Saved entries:
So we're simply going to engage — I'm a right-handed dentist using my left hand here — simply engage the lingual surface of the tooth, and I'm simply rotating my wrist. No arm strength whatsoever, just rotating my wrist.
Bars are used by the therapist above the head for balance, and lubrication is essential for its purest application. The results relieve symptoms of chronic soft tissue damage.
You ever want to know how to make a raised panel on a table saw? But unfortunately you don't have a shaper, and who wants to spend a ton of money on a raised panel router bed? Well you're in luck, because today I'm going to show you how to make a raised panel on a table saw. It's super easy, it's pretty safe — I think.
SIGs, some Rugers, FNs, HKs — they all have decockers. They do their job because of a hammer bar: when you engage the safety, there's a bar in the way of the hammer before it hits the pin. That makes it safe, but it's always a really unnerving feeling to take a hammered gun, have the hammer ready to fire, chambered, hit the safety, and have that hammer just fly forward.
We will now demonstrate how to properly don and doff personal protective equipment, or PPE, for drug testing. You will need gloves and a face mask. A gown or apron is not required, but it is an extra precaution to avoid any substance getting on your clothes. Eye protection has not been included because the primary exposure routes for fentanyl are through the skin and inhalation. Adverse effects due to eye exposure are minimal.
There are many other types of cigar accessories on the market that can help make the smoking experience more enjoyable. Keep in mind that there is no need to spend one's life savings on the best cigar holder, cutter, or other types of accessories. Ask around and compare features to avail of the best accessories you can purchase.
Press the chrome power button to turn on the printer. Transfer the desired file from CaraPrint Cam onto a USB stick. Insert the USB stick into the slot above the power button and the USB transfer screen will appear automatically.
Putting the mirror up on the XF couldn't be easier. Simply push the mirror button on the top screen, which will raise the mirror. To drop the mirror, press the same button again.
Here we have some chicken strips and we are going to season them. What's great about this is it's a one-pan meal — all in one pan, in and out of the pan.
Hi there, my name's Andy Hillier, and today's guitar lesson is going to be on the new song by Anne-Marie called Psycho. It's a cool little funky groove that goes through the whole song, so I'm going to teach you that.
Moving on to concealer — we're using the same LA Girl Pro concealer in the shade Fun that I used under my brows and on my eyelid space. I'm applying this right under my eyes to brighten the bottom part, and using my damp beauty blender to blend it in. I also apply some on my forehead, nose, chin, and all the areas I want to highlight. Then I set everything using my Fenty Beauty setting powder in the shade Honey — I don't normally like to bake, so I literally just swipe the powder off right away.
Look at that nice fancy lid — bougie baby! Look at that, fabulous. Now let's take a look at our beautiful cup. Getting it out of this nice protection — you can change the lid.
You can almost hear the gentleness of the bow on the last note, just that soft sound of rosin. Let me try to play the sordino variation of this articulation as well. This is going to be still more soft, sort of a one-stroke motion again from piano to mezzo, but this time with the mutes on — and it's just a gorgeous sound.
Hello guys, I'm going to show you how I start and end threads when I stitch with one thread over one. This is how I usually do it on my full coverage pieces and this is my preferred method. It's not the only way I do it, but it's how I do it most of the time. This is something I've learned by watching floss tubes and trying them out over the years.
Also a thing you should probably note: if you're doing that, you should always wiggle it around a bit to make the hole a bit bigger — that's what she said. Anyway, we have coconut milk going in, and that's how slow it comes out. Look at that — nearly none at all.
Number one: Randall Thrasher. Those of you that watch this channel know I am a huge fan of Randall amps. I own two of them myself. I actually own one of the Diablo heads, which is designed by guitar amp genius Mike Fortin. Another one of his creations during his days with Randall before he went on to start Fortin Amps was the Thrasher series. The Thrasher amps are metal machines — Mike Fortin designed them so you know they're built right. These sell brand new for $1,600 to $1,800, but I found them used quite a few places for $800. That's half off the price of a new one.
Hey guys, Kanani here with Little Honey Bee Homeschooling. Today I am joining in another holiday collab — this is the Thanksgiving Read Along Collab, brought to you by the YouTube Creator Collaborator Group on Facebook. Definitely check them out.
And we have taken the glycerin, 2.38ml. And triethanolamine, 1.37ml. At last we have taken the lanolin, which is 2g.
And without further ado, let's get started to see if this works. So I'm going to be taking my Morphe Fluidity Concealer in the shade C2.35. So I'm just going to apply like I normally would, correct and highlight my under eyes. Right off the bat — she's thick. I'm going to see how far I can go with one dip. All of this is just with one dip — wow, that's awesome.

§ Activity:
Exact reproduction is required: output the lines from the start of the entries above through the line with "We will now".

§ Result:
So we're simply going to engage — I'm a right-handed dentist using my left hand here — simply engage the lingual surface of the tooth, and I'm simply rotating my wrist. No arm strength whatsoever, just rotating my wrist.
Bars are used by the therapist above the head for balance, and lubrication is essential for its purest application. The results relieve symptoms of chronic soft tissue damage.
You ever want to know how to make a raised panel on a table saw? But unfortunately you don't have a shaper, and who wants to spend a ton of money on a raised panel router bed? Well you're in luck, because today I'm going to show you how to make a raised panel on a table saw. It's super easy, it's pretty safe — I think.
SIGs, some Rugers, FNs, HKs — they all have decockers. They do their job because of a hammer bar: when you engage the safety, there's a bar in the way of the hammer before it hits the pin. That makes it safe, but it's always a really unnerving feeling to take a hammered gun, have the hammer ready to fire, chambered, hit the safety, and have that hammer just fly forward.
We will now demonstrate how to properly don and doff personal protective equipment, or PPE, for drug testing. You will need gloves and a face mask. A gown or apron is not required, but it is an extra precaution to avoid any substance getting on your clothes. Eye protection has not been included because the primary exposure routes for fentanyl are through the skin and inhalation. Adverse effects due to eye exposure are minimal.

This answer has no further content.